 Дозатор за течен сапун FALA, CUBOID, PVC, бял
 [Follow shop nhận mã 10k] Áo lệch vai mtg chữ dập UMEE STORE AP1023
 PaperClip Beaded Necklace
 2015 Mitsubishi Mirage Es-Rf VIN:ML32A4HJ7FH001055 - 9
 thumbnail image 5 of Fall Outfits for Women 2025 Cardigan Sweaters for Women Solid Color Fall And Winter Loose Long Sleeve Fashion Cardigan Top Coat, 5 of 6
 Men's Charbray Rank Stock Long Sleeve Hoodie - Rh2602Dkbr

------------------------------

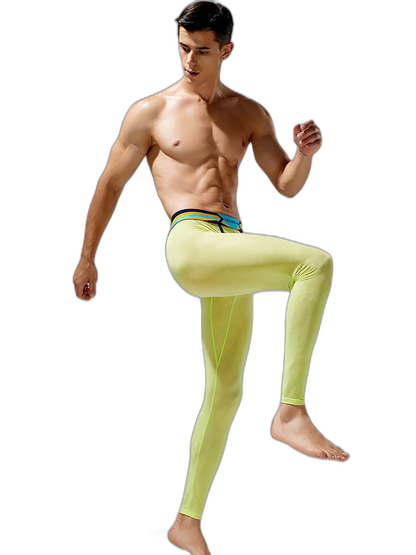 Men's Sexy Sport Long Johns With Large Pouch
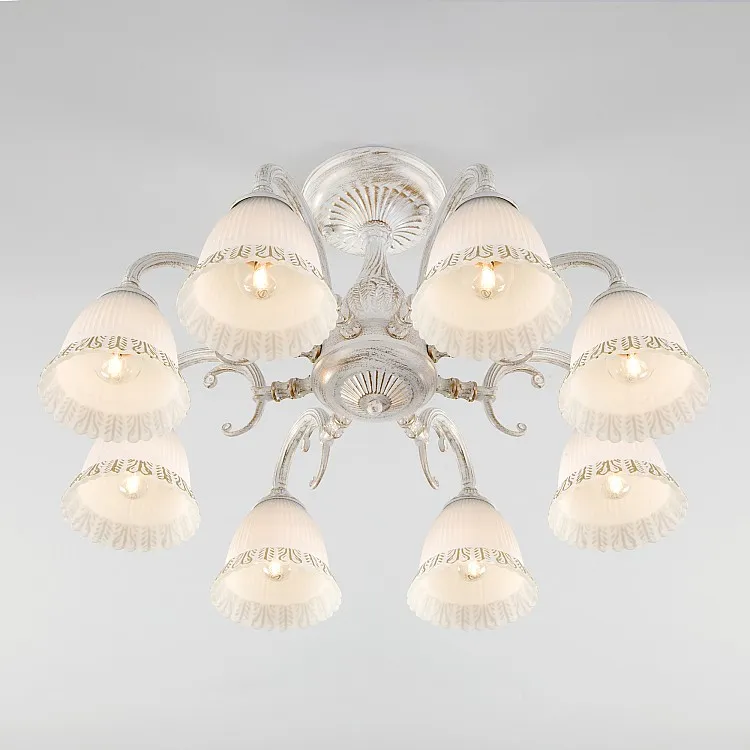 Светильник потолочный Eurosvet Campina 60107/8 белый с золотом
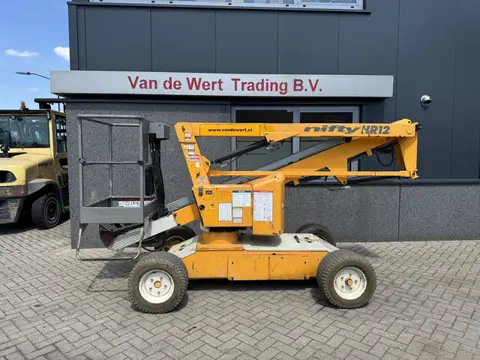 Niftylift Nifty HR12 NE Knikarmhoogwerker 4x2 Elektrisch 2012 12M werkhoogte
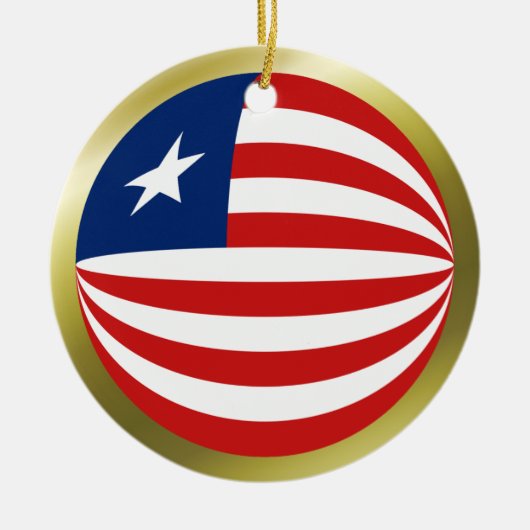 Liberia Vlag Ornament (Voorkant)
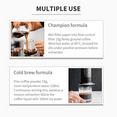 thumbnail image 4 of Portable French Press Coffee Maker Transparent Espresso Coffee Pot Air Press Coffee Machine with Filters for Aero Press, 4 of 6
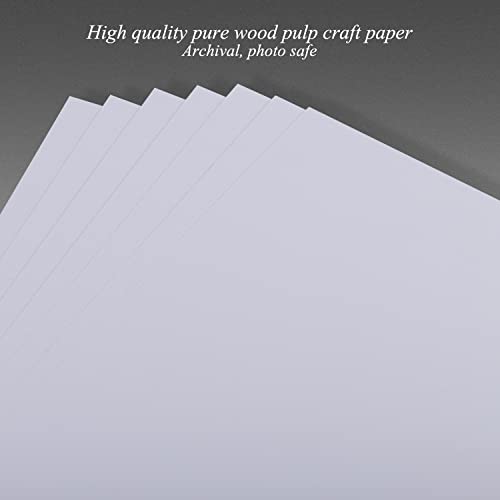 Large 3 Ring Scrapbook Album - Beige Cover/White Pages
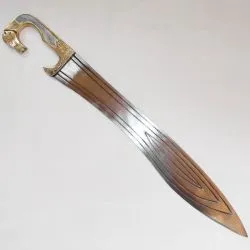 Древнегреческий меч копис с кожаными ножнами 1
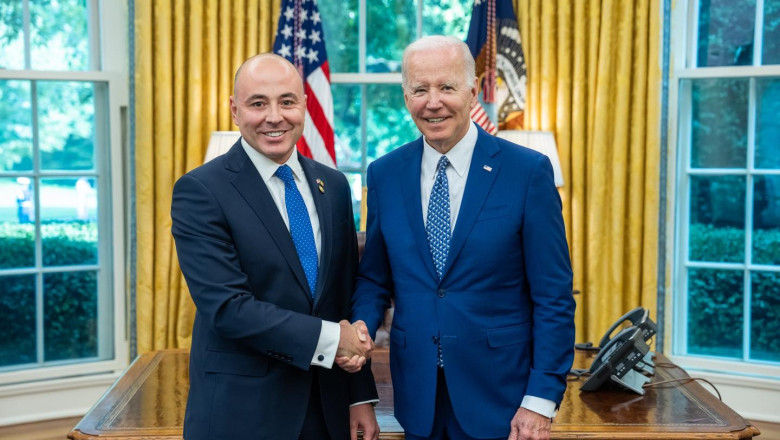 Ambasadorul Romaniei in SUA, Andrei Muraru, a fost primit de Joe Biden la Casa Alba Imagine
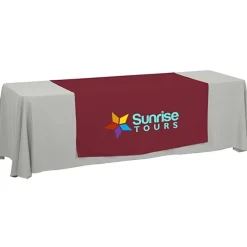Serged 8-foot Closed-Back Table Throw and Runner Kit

------------------------------

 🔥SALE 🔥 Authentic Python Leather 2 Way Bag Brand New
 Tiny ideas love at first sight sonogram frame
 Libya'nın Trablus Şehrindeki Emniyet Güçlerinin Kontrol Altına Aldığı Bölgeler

------------------------------

* EXERCISE AIM
Nothing but the lines from the one containing "thumbnail image 4" through the one containing "Serged 8-foot Closed-Back" should appear, copied exactly from the material above and without pictures.

* RESULT OF THE TASK
 thumbnail image 4 of Portable French Press Coffee Maker Transparent Espresso Coffee Pot Air Press Coffee Machine with Filters for Aero Press, 4 of 6
 Large 3 Ring Scrapbook Album - Beige Cover/White Pages
 Древнегреческий меч копис с кожаными ножнами 1
 Ambasadorul Romaniei in SUA, Andrei Muraru, a fost primit de Joe Biden la Casa Alba Imagine
Serged 8-foot Closed-Back Table Throw and Runner Kit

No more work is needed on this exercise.